▶ **Exercise brief**: Word for word, retype each record shown below.
BEGIN Stored data
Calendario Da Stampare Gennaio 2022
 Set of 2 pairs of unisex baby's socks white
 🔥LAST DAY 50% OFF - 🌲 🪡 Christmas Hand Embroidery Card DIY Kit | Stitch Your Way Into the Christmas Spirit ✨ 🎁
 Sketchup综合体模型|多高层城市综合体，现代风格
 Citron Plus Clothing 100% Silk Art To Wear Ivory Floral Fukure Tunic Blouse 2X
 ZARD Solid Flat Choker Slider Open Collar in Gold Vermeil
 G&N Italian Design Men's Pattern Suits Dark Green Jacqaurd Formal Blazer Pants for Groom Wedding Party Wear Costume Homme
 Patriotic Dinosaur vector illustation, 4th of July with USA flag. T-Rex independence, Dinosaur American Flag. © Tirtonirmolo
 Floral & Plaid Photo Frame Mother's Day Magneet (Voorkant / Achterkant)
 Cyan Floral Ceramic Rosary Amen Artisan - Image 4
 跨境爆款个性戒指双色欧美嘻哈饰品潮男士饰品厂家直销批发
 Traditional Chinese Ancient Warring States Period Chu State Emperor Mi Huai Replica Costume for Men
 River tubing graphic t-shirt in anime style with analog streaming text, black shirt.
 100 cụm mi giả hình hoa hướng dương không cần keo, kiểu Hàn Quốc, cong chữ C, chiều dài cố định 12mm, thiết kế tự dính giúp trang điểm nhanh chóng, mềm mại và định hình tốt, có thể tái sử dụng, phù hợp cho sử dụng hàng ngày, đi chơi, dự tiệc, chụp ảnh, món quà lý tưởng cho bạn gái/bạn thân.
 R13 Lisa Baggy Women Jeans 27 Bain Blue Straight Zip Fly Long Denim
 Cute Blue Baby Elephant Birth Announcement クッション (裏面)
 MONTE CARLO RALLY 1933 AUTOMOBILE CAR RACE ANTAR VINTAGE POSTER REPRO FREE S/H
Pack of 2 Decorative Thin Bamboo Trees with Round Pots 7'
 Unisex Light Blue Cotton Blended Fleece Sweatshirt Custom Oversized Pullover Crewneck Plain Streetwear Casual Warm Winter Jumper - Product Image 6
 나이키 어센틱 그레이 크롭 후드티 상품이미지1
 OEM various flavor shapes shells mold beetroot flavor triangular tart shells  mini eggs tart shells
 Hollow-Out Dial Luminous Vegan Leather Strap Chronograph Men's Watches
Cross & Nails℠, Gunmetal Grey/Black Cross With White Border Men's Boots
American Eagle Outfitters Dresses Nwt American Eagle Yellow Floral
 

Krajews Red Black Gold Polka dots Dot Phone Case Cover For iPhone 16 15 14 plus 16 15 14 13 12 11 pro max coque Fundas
END Stored data
▶ **Answer**:
Calendario Da Stampare Gennaio 2022
 Set of 2 pairs of unisex baby's socks white
 🔥LAST DAY 50% OFF - 🌲 🪡 Christmas Hand Embroidery Card DIY Kit | Stitch Your Way Into the Christmas Spirit ✨ 🎁
 Sketchup综合体模型|多高层城市综合体，现代风格
 Citron Plus Clothing 100% Silk Art To Wear Ivory Floral Fukure Tunic Blouse 2X
 ZARD Solid Flat Choker Slider Open Collar in Gold Vermeil
 G&N Italian Design Men's Pattern Suits Dark Green Jacqaurd Formal Blazer Pants for Groom Wedding Party Wear Costume Homme
 Patriotic Dinosaur vector illustation, 4th of July with USA flag. T-Rex independence, Dinosaur American Flag. © Tirtonirmolo
 Floral & Plaid Photo Frame Mother's Day Magneet (Voorkant / Achterkant)
 Cyan Floral Ceramic Rosary Amen Artisan - Image 4
 跨境爆款个性戒指双色欧美嘻哈饰品潮男士饰品厂家直销批发
 Traditional Chinese Ancient Warring States Period Chu State Emperor Mi Huai Replica Costume for Men
 River tubing graphic t-shirt in anime style with analog streaming text, black shirt.
 100 cụm mi giả hình hoa hướng dương không cần keo, kiểu Hàn Quốc, cong chữ C, chiều dài cố định 12mm, thiết kế tự dính giúp trang điểm nhanh chóng, mềm mại và định hình tốt, có thể tái sử dụng, phù hợp cho sử dụng hàng ngày, đi chơi, dự tiệc, chụp ảnh, món quà lý tưởng cho bạn gái/bạn thân.
 R13 Lisa Baggy Women Jeans 27 Bain Blue Straight Zip Fly Long Denim
 Cute Blue Baby Elephant Birth Announcement クッション (裏面)
 MONTE CARLO RALLY 1933 AUTOMOBILE CAR RACE ANTAR VINTAGE POSTER REPRO FREE S/H
Pack of 2 Decorative Thin Bamboo Trees with Round Pots 7'
 Unisex Light Blue Cotton Blended Fleece Sweatshirt Custom Oversized Pullover Crewneck Plain Streetwear Casual Warm Winter Jumper - Product Image 6
 나이키 어센틱 그레이 크롭 후드티 상품이미지1
 OEM various flavor shapes shells mold beetroot flavor triangular tart shells  mini eggs tart shells
 Hollow-Out Dial Luminous Vegan Leather Strap Chronograph Men's Watches
Cross & Nails℠, Gunmetal Grey/Black Cross With White Border Men's Boots
American Eagle Outfitters Dresses Nwt American Eagle Yellow Floral
 

Krajews Red Black Gold Polka dots Dot Phone Case Cover For iPhone 16 15 14 plus 16 15 14 13 12 11 pro max coque Fundas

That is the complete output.